*WHAT YOU SHOULD DO*: Your copy starts at the line containing "Quick-drying Shower Curtain" and ends at the last line below. Copy exactly, without pictures.

___ SUPPLIED DATA

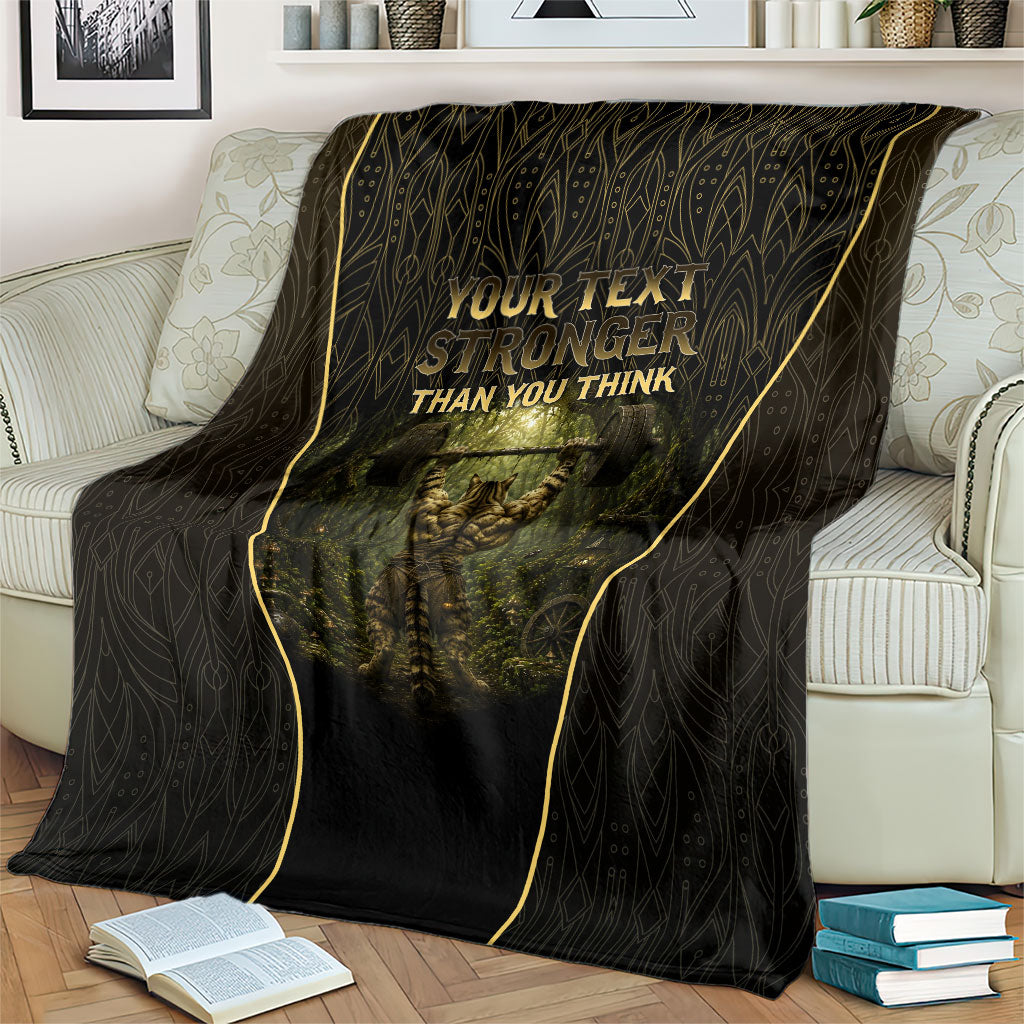 Personalized Muscular Cat Weightlifting Blanket Pain For Growth Dark Fantasy Gym Graphic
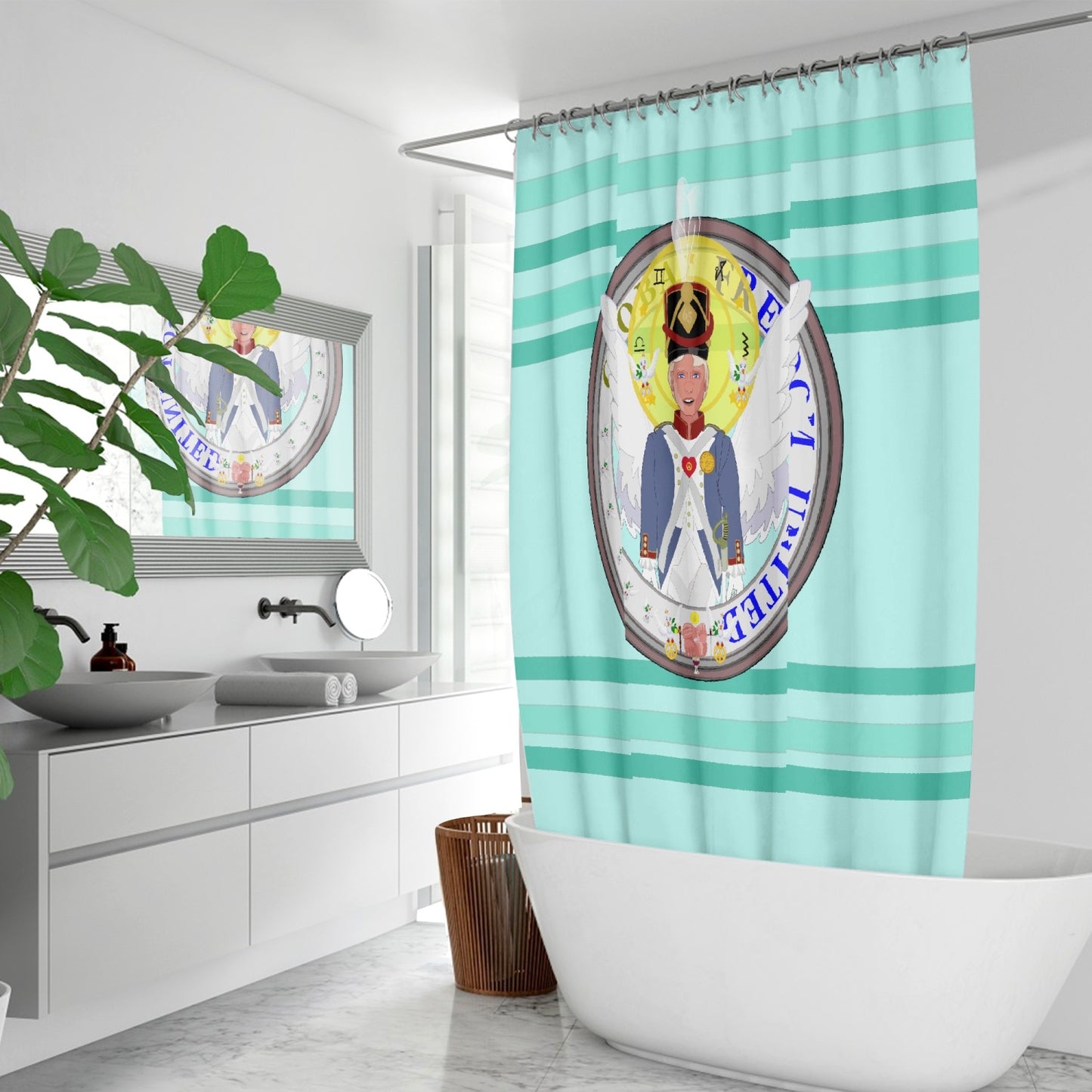 Quick-drying Shower Curtain GLOBAL FREEDOM UNITED© Archangel Michael Version 3 Light Green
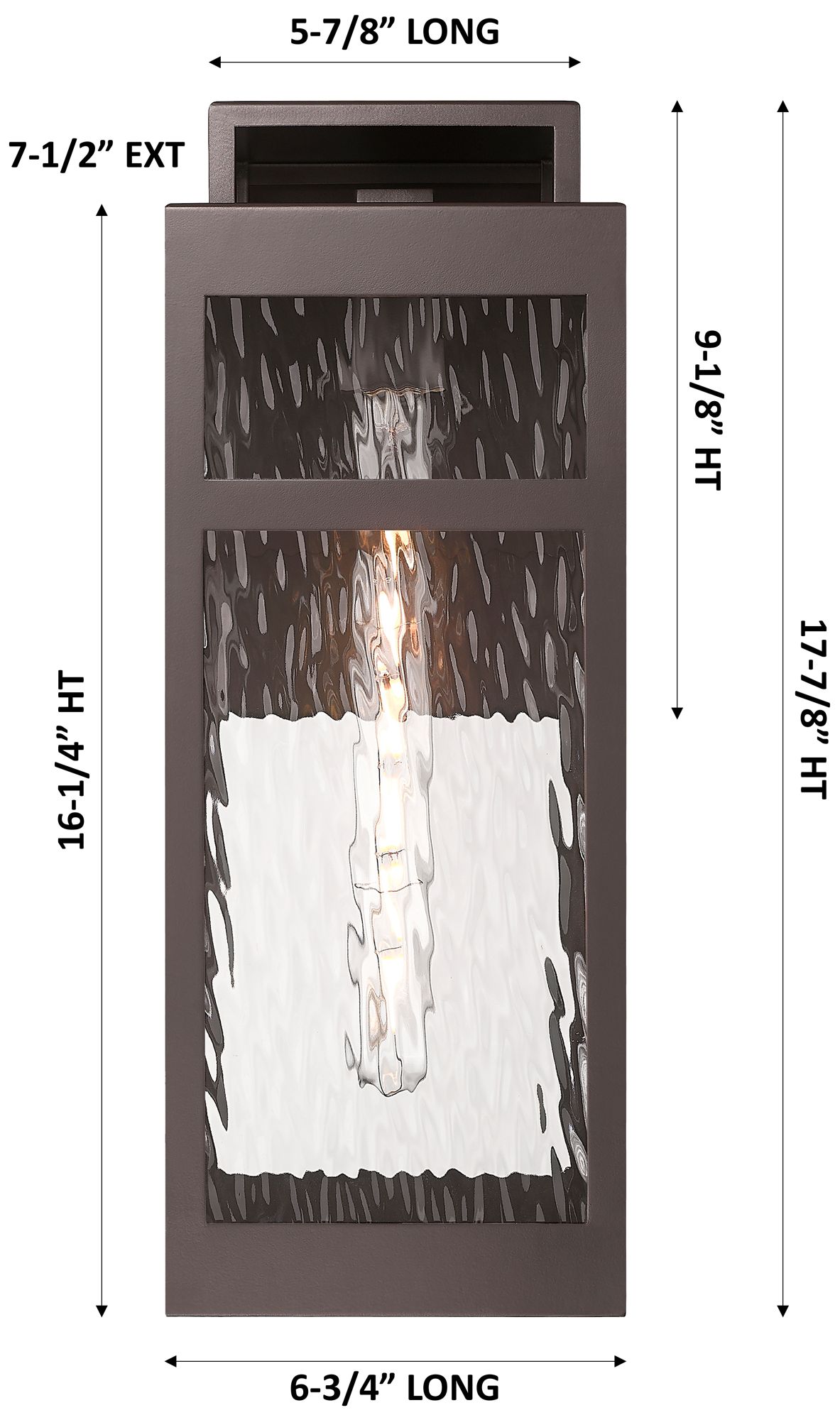 Image 5 Ridgeway 8" Bronze Coastal Outdoor Sconce With Water Glass more views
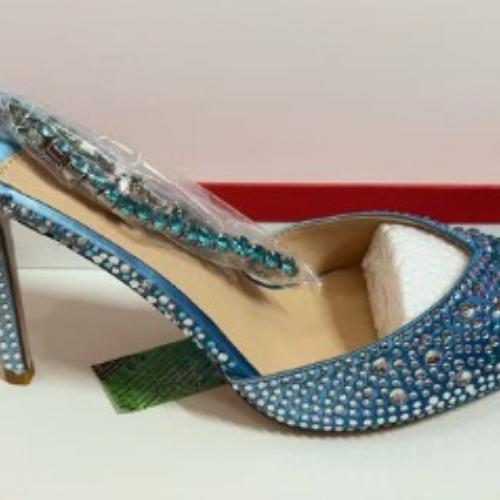 

Fashion Gradient Pink High Heel Sandals Women Crystal Rhinestone Pointed Toe Stiletto Shoes 43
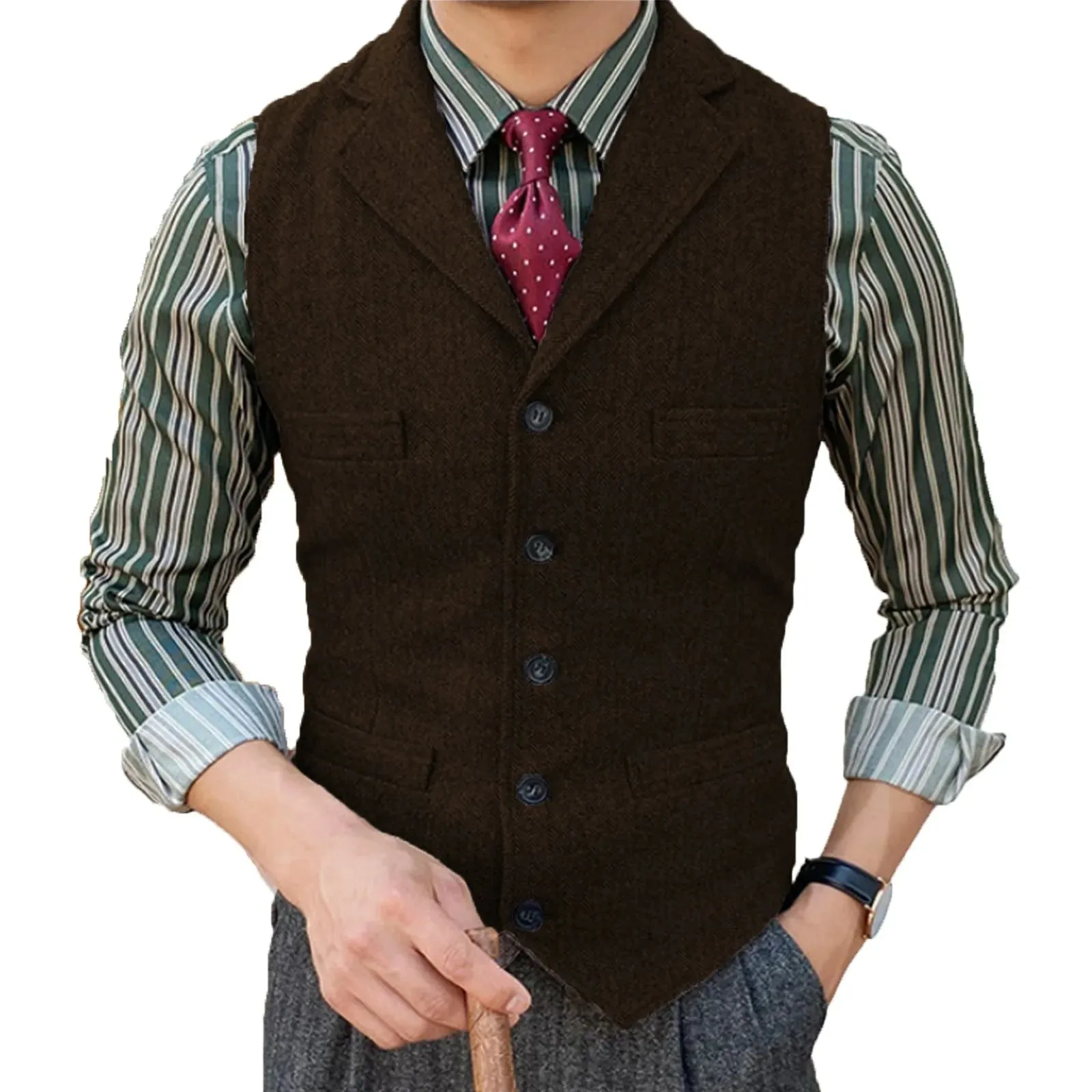 Wiaofellas  -  Men's Vest Burgundy Slim Fit Suits Vest Tweed Notch Lapel Wool Business Casual Waistcoat Grossmen For Wedding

______

*ANSWER TO THE PROBLEM*:
 Quick-drying Shower Curtain GLOBAL FREEDOM UNITED© Archangel Michael Version 3 Light Green
 Image 5 Ridgeway 8" Bronze Coastal Outdoor Sconce With Water Glass more views

Fashion Gradient Pink High Heel Sandals Women Crystal Rhinestone Pointed Toe Stiletto Shoes 43
 Wiaofellas  -  Men's Vest Burgundy Slim Fit Suits Vest Tweed Notch Lapel Wool Business Casual Waistcoat Grossmen For Wedding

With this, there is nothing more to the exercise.